契約( $id_no : 証券番号, 基本保険金額 > 30000000)

は、制約条件が「基本保険金額 > 30000000」の一つですが、これにたとえば「○○特約付加==true」などという条件が加わると、ネットワーク上は、「基本保険金額 > 30000000」のαノードの次に、「○○特約付加==true」のαノードが直列に付け加わります。

さて次にβノードを用いた実例を見てみましょう。αノードは一つのファクトに対する制約条件でしたが、βノードは複数のファクトにまたがる制約条件を表すノードとなります。このノードは2つの入力(Left Input, Right Input)があり、左の入力はファクトの組、右の入力は、ファクトとなります。またこのそれぞれの入力は、部分的にマッチしたファクトの組やファクトの待機場所となるメモリを持ちます。

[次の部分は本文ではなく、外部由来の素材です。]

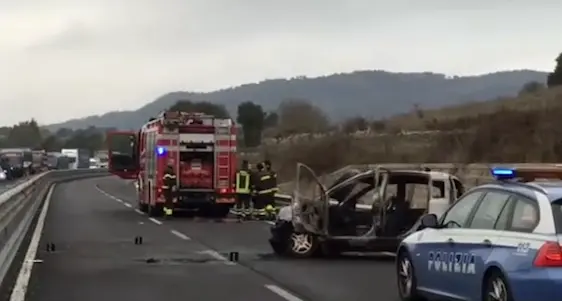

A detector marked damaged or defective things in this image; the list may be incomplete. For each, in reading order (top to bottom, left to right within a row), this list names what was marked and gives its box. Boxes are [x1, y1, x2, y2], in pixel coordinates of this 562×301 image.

burned vehicle [270, 163, 462, 256]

ここでは典型的なβノードであるJoinノードを例にとって見てみましょう。

先ほどのルールに加えて、もう一つルールを加えてみます。

package com.sample

declare 契約
証券番号 : String;
基本保険金額 : int;
end

declare 顧客
顧客番号 : String;
保険契約 : java.util.ArrayList;
end

rule “基本保険金額1”
when
契約(
id_no : 証券番号,
基本保険金額 > 30000000
)
then
System.out.println(“証券番号 ” + id_no + ” の基本保険金額が3000万円を超えています。”);
end

rule “基本保険金額2”
when
$c : 契約(
id_no : 証券番号,
基本保険金額 > 30000000
)
顧客(
customer_no : 顧客番号,
保険契約 contains $c
)
then
System.out.println(“顧客番号 ” + customer_no + ” の契約の中に基本保険金額が3000万円を超えている契約があります。”);
end

新たに加えた、基本保険金額2のルールは、顧客タイプのファクトに対する条件を加えています。顧客が持っている保険契約(リスト)に基本保険金額が3000万を超えるものがあればメッセージを出力するというものです。

このルールファイルは以下の形のReteネットワークとなります。

Reteネットワーク2
まず、同じ条件の部分は、2つのルールでグラフのノードが共有されていることに注意ください。さらに新たな種類のノード(黄緑のノード)が表れています。これがβノードの一種であるJoin ノードになります。

  • Joinノード
    LeftInputAdapterノードから入ってくるファクトの組(Left Input)と、Right Input
    からのファクトとを合わせて判断し、条件が満たされれば入力から新たなファクトの
    組をつくり、次に渡す。

では、上記のネットワークにファクトをinsertしてみましょう。以下のファクトを次々に加えていきます。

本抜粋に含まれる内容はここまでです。